Task brief:
Your answer should consist of the lines in the data below that contain "Adventure".

Data for review:
○ ○ ○ ○ ○

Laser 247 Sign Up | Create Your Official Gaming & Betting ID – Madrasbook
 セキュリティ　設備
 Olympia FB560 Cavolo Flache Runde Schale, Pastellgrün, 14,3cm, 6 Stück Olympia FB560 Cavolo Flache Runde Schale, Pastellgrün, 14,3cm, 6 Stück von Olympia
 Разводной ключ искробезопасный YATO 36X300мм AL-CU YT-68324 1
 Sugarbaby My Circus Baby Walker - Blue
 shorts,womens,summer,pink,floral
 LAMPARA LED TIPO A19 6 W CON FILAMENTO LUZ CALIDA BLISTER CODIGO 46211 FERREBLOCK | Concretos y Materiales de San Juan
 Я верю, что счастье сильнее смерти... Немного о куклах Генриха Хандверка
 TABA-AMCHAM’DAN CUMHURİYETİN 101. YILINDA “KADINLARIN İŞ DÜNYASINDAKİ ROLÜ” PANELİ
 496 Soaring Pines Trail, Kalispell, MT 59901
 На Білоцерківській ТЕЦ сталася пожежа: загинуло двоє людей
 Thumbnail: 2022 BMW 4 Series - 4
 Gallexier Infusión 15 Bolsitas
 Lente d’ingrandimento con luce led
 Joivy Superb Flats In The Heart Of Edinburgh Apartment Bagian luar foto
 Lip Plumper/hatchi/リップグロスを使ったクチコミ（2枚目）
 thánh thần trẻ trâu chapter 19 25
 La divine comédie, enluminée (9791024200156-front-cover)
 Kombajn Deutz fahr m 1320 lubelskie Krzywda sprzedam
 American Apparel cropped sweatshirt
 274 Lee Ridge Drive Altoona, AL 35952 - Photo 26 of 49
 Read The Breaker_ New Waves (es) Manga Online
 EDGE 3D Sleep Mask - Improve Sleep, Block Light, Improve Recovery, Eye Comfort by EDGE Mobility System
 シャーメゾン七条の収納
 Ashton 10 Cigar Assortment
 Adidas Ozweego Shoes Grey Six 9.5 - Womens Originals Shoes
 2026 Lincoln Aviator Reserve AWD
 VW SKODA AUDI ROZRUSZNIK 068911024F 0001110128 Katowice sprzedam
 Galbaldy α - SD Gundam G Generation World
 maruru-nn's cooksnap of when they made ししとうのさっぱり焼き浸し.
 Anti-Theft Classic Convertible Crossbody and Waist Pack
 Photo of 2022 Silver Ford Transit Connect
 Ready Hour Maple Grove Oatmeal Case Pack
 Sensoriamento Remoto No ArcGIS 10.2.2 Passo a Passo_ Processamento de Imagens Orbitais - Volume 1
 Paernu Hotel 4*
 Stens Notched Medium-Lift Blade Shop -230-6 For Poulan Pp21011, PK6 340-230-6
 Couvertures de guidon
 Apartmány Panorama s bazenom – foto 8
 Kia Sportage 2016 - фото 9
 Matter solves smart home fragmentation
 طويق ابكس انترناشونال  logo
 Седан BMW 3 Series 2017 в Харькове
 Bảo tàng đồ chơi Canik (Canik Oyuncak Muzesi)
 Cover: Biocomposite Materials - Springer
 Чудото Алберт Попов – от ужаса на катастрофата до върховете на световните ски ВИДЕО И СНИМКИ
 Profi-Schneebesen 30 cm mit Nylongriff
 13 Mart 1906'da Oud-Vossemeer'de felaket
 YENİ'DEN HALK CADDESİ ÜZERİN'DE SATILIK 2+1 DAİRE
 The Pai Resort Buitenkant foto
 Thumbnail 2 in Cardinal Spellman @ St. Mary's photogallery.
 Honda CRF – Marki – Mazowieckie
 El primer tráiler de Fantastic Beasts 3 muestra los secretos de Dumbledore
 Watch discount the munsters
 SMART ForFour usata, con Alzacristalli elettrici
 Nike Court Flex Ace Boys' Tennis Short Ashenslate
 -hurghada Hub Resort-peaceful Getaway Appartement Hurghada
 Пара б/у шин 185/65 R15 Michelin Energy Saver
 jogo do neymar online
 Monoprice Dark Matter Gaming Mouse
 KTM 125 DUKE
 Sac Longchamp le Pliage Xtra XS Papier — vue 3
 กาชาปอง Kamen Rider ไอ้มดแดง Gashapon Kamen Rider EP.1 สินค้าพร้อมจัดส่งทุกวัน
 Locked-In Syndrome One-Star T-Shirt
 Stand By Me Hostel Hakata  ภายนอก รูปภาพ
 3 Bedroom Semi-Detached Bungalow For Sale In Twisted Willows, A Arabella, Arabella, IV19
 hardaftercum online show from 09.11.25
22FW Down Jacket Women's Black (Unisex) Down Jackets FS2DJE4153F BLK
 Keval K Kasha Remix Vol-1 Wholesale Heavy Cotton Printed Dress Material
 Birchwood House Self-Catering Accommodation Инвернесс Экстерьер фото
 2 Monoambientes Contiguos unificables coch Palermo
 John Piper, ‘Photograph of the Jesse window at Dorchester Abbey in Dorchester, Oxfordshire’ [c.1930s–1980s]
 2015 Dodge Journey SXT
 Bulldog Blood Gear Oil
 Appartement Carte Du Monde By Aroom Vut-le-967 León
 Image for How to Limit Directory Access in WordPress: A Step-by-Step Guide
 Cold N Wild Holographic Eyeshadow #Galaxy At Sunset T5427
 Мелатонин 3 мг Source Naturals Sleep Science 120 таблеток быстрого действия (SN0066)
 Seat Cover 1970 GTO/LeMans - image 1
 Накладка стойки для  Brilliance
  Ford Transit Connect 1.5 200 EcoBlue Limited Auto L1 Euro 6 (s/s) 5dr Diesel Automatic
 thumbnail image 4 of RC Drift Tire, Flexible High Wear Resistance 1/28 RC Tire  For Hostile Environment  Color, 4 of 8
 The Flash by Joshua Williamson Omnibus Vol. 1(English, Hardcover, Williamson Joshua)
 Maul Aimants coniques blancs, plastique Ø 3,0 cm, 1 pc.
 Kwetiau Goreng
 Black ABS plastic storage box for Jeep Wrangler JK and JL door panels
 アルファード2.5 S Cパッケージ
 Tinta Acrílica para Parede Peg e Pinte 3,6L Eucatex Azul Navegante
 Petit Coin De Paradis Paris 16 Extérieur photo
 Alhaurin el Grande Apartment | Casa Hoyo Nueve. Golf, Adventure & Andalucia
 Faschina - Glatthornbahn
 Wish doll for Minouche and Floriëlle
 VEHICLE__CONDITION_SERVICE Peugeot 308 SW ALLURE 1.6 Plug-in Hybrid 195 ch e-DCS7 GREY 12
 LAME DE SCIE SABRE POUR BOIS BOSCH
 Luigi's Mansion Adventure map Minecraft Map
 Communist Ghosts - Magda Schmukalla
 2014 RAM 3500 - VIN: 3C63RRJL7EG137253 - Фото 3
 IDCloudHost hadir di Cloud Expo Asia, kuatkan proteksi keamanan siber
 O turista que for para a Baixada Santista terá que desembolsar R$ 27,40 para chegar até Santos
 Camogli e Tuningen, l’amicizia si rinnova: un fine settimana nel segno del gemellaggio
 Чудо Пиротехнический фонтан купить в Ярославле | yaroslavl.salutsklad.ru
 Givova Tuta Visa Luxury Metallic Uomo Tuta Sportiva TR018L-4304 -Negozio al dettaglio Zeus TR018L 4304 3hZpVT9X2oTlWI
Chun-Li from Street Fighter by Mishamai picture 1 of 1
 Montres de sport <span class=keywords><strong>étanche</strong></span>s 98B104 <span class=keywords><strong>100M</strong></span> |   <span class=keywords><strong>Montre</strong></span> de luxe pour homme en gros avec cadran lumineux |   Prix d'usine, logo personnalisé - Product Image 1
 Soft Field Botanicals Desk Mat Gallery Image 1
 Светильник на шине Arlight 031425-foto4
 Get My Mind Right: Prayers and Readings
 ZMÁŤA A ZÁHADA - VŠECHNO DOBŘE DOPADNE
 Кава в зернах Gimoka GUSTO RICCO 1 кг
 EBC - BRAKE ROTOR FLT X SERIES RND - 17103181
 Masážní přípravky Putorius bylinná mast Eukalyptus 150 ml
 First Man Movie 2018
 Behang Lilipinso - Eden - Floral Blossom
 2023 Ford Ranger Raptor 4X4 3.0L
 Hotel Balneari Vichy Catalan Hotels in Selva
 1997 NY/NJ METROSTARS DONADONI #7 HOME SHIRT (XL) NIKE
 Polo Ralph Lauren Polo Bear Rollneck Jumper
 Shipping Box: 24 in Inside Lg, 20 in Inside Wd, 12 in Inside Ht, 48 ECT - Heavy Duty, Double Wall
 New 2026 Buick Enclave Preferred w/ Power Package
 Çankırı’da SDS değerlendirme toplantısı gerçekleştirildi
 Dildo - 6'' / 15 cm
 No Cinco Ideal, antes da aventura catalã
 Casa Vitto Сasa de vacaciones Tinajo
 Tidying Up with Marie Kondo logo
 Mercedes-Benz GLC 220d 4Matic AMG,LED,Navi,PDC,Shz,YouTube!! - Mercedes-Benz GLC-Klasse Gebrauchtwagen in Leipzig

○ ○ ○ ○ ○

Response below:
 Alhaurin el Grande Apartment | Casa Hoyo Nueve. Golf, Adventure & Andalucia
 Luigi's Mansion Adventure map Minecraft Map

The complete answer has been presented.